§ PROBLEM DESCRIPTION
Begin with the line that holds "Cottage Violapo 6+2: Piscine, Parapluie, Mobilier" and retype through the last line of the listing below, exactly; pictures are not part of the copy.
SOURCE DATA Start Marker
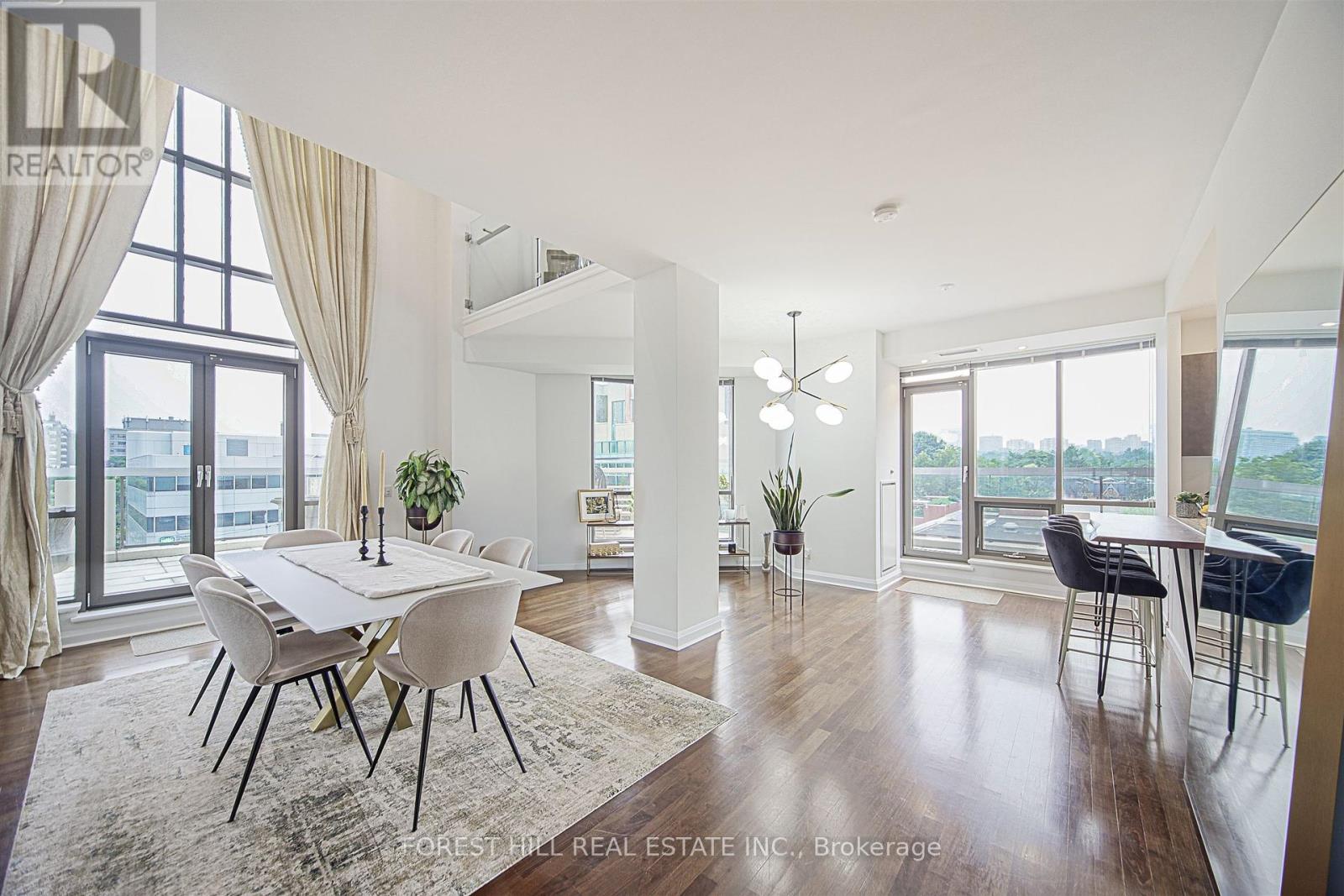 Photo 8 of 501 3 Mcalpine Street, Toronto ON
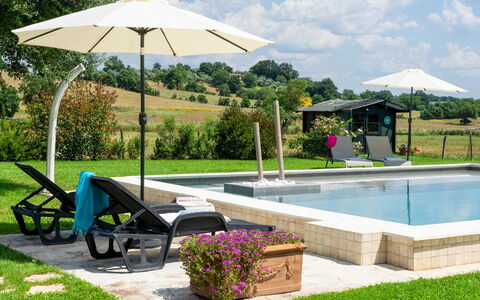 Cottage Violapo 6+2: Piscine, Parapluie, Mobilier De Jardin, Meubles, Loisir, Recours, Jardin, Chaise, Ombre, Balancelle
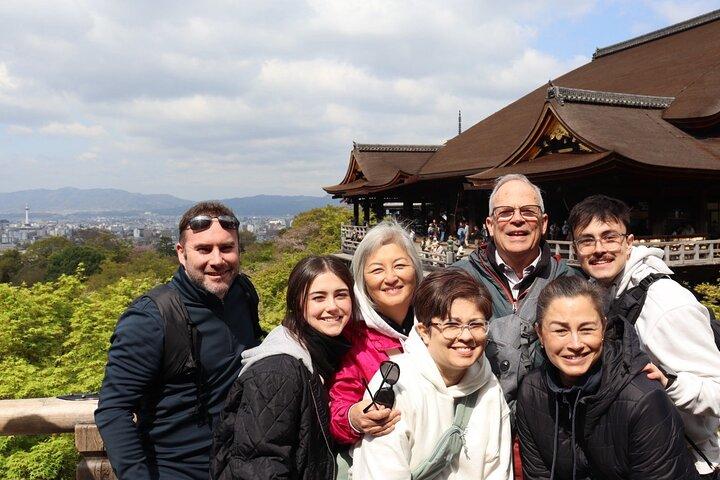 Private Kyoto Early Bird English Tour: Gion(Geisha) & Higashiyama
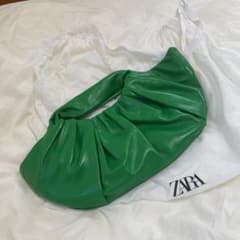 ZARA レザーバケット ハンドバッグのサムネイル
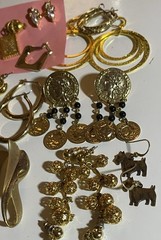 vintage pierced earring lot used Estate 30 Pairs Wearable Goldtone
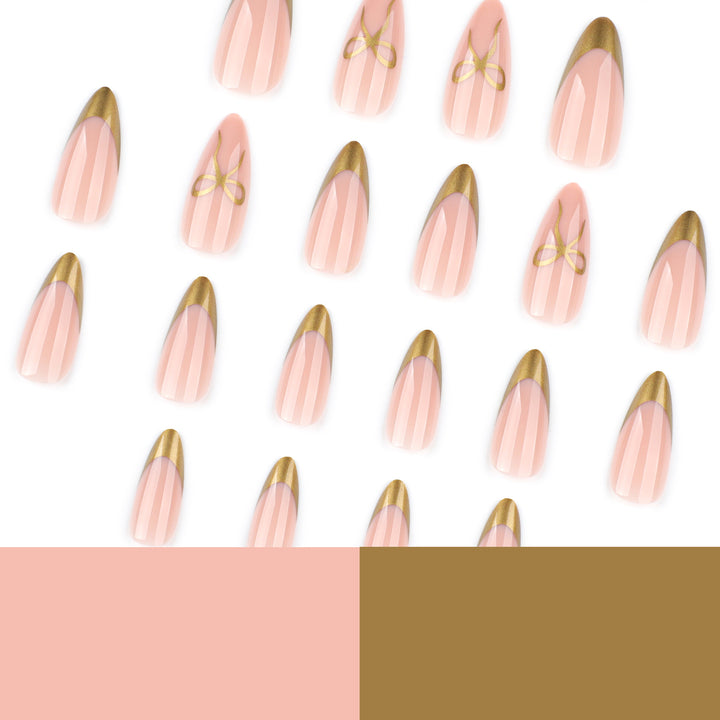 Elegante Nagelkunst mit Goldakzenten Karnz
SOURCE DATA End Marker
§ OUTPUT FOR THIS EXERCISE
 Cottage Violapo 6+2: Piscine, Parapluie, Mobilier De Jardin, Meubles, Loisir, Recours, Jardin, Chaise, Ombre, Balancelle
 Private Kyoto Early Bird English Tour: Gion(Geisha) & Higashiyama
 ZARA レザーバケット ハンドバッグのサムネイル
 vintage pierced earring lot used Estate 30 Pairs Wearable Goldtone
 Elegante Nagelkunst mit Goldakzenten Karnz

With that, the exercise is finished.